**WHAT THE TASK ASKS:**
Look below for the lines from the one with "ENFERMEDADES INTESTINALES INFLAMATORIAS" to the one with "ロング カラー パーマ", and copy exactly those lines, both ends included.

--- PROVIDED INFORMATION Enclosed Below ---

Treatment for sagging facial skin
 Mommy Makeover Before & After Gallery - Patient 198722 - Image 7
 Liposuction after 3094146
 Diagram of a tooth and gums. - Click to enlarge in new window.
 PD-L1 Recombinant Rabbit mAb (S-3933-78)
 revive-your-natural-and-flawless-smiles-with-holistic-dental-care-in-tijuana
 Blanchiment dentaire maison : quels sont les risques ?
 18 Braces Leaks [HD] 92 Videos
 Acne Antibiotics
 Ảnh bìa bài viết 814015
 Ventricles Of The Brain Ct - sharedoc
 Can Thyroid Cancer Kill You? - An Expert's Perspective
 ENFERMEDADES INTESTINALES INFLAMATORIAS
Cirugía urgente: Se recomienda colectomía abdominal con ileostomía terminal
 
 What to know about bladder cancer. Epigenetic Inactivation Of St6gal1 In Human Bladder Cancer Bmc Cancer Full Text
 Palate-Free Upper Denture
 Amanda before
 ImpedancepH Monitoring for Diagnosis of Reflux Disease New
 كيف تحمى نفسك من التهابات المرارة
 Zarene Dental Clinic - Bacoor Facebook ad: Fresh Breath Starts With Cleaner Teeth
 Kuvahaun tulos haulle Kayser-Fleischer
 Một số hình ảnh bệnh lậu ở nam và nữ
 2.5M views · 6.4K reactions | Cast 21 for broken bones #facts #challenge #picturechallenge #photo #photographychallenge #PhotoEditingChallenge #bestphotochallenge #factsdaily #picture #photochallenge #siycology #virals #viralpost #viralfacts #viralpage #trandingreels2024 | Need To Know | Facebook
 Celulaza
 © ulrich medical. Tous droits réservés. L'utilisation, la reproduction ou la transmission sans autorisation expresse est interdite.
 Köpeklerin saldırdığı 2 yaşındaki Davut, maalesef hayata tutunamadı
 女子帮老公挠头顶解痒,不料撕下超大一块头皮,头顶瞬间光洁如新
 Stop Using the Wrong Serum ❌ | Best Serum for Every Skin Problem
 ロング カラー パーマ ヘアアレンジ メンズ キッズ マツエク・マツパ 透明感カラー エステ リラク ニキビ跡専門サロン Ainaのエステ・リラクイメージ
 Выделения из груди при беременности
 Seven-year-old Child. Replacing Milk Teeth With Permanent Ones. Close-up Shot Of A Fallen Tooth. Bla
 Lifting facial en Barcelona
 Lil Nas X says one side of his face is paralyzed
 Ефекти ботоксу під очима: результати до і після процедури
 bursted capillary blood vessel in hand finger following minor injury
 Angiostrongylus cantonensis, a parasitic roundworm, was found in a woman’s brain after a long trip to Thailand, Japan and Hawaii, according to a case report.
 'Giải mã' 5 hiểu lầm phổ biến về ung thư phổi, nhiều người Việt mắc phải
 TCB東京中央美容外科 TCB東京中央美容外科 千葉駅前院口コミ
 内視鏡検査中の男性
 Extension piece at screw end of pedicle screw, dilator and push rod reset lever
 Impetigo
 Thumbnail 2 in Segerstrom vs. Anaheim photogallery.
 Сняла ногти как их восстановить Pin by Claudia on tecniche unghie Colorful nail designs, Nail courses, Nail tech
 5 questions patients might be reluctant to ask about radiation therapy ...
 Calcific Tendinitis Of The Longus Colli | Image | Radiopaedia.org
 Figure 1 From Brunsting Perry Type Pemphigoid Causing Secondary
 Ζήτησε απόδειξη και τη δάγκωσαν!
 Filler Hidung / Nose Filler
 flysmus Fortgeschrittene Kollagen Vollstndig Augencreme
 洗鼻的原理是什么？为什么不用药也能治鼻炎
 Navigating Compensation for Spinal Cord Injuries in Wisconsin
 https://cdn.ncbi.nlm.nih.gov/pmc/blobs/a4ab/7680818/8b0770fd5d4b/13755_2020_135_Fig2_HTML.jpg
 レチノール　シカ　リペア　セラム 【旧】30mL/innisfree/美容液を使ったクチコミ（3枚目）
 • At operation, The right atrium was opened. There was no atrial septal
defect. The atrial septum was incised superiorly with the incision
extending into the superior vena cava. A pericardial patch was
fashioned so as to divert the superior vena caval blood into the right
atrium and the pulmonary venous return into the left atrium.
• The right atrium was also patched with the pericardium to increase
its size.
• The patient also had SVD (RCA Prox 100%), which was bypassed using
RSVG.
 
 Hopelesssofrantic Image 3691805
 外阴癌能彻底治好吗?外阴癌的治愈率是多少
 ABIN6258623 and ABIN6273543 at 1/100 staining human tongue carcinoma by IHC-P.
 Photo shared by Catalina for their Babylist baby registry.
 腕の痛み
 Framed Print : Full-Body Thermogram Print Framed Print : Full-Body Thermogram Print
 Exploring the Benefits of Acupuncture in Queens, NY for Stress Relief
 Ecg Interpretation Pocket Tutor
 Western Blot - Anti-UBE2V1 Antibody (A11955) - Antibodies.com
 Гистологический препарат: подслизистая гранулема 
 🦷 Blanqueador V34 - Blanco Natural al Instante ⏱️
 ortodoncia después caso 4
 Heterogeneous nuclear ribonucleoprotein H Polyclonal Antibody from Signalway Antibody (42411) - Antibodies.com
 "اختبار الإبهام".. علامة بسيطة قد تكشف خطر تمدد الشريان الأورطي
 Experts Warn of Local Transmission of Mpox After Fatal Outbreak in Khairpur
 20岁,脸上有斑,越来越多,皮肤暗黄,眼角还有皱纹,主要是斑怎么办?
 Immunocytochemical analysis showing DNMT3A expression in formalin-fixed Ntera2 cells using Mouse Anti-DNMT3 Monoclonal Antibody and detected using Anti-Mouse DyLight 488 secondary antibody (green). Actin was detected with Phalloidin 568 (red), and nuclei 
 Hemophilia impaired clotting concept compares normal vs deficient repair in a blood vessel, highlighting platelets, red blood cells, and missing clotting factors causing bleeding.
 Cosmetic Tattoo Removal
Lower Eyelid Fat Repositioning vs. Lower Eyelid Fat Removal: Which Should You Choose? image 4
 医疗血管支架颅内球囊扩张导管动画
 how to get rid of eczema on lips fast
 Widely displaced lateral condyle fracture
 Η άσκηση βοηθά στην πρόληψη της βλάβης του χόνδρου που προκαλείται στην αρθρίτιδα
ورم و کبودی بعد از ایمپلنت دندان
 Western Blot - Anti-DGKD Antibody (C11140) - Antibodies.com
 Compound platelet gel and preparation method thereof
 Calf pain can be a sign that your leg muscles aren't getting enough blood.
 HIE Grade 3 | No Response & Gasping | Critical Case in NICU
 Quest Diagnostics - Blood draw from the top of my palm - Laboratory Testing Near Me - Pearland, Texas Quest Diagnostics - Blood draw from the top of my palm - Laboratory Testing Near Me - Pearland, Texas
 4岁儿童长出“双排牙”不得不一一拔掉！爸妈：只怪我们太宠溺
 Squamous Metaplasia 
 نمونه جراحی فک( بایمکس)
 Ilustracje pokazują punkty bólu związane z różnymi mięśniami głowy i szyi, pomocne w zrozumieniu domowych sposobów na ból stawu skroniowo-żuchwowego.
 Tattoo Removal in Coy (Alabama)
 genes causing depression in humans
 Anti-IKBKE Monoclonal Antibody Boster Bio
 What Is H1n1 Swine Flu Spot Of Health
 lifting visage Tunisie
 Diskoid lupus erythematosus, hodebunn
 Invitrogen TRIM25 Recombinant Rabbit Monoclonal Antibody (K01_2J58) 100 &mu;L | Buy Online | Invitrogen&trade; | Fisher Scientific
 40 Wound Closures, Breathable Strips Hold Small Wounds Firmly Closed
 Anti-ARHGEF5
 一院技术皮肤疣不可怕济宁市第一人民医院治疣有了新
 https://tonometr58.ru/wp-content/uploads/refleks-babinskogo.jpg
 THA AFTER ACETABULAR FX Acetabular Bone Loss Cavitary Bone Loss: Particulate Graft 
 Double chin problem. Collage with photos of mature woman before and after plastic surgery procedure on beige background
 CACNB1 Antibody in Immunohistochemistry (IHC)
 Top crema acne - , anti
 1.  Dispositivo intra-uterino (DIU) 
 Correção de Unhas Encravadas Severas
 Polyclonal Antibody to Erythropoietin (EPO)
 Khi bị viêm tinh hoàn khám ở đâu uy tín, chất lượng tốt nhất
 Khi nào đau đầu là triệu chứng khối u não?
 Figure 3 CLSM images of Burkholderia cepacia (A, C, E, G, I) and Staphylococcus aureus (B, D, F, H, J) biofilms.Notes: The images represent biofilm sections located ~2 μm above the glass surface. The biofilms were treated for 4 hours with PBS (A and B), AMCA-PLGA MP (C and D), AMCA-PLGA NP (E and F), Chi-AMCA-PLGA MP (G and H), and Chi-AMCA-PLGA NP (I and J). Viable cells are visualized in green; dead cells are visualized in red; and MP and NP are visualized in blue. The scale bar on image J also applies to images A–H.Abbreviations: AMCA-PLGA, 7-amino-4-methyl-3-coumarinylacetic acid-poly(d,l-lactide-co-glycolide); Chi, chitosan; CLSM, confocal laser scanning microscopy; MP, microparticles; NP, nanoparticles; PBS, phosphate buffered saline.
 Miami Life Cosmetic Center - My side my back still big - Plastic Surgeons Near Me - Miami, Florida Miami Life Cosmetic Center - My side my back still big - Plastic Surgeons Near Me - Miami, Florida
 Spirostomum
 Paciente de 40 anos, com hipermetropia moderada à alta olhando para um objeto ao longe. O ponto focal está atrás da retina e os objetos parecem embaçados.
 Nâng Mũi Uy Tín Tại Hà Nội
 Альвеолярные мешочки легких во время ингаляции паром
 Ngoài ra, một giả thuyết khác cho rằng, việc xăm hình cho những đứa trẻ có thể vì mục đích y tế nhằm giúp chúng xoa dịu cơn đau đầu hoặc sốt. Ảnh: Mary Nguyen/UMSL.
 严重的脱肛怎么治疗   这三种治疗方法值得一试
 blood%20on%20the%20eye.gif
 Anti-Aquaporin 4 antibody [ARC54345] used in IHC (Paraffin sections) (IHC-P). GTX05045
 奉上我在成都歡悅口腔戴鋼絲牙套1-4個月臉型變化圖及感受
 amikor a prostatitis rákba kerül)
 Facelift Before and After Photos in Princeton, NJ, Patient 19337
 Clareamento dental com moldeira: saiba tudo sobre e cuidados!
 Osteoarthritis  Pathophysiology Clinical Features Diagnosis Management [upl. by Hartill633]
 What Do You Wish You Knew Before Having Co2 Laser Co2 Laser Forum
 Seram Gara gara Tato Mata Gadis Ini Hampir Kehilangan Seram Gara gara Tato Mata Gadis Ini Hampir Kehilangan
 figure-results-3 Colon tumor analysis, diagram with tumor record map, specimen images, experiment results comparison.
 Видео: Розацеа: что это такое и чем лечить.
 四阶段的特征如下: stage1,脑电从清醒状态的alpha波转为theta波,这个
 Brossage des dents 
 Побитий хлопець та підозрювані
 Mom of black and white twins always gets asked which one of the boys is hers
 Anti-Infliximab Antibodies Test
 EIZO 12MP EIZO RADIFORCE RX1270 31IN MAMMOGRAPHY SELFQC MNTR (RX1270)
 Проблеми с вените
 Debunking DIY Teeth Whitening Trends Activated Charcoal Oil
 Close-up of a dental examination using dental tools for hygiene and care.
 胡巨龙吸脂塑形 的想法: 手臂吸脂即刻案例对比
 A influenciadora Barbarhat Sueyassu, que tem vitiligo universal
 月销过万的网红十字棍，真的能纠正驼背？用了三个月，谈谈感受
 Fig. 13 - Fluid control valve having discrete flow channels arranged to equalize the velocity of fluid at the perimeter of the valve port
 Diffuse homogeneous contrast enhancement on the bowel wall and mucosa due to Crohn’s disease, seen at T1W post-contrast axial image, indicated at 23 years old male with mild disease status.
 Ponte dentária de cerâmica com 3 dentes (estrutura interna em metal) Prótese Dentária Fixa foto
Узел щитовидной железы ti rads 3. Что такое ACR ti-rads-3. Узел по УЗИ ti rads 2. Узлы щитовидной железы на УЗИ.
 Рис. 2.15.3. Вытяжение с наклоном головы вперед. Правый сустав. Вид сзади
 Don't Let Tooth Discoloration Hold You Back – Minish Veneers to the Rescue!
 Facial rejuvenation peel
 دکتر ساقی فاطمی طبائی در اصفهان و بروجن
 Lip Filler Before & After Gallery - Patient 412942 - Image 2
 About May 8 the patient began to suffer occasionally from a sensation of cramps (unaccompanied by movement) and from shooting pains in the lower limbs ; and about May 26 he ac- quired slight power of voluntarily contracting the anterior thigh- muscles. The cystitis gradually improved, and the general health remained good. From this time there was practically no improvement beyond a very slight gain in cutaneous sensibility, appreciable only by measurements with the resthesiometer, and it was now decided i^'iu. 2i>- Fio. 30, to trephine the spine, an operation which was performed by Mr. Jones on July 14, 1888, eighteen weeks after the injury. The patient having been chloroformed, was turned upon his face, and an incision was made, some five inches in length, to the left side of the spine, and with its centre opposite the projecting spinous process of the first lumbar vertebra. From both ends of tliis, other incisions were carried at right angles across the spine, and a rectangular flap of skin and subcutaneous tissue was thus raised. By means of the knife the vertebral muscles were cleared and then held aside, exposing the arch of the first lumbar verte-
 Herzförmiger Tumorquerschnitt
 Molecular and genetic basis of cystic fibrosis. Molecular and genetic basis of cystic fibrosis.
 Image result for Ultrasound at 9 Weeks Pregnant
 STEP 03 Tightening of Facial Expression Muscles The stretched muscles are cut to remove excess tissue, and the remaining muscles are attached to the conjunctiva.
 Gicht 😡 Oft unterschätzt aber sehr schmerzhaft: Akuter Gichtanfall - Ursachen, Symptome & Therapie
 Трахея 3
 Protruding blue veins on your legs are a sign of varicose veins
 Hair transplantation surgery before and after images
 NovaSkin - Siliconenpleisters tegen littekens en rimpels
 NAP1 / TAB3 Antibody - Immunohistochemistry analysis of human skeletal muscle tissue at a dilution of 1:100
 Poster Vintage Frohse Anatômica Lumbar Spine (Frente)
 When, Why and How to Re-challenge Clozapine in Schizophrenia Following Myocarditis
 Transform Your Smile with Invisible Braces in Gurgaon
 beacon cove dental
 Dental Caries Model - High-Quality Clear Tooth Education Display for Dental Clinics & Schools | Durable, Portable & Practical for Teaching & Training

--- End of Enclosed PROVIDED INFORMATION ---

**ANSWER SECTION:**
 ENFERMEDADES INTESTINALES INFLAMATORIAS
Cirugía urgente: Se recomienda colectomía abdominal con ileostomía terminal
 
 What to know about bladder cancer. Epigenetic Inactivation Of St6gal1 In Human Bladder Cancer Bmc Cancer Full Text
 Palate-Free Upper Denture
 Amanda before
 ImpedancepH Monitoring for Diagnosis of Reflux Disease New
 كيف تحمى نفسك من التهابات المرارة
 Zarene Dental Clinic - Bacoor Facebook ad: Fresh Breath Starts With Cleaner Teeth
 Kuvahaun tulos haulle Kayser-Fleischer
 Một số hình ảnh bệnh lậu ở nam và nữ
 2.5M views · 6.4K reactions | Cast 21 for broken bones #facts #challenge #picturechallenge #photo #photographychallenge #PhotoEditingChallenge #bestphotochallenge #factsdaily #picture #photochallenge #siycology #virals #viralpost #viralfacts #viralpage #trandingreels2024 | Need To Know | Facebook
 Celulaza
 © ulrich medical. Tous droits réservés. L'utilisation, la reproduction ou la transmission sans autorisation expresse est interdite.
 Köpeklerin saldırdığı 2 yaşındaki Davut, maalesef hayata tutunamadı
 女子帮老公挠头顶解痒,不料撕下超大一块头皮,头顶瞬间光洁如新
 Stop Using the Wrong Serum ❌ | Best Serum for Every Skin Problem
 ロング カラー パーマ ヘアアレンジ メンズ キッズ マツエク・マツパ 透明感カラー エステ リラク ニキビ跡専門サロン Ainaのエステ・リラクイメージ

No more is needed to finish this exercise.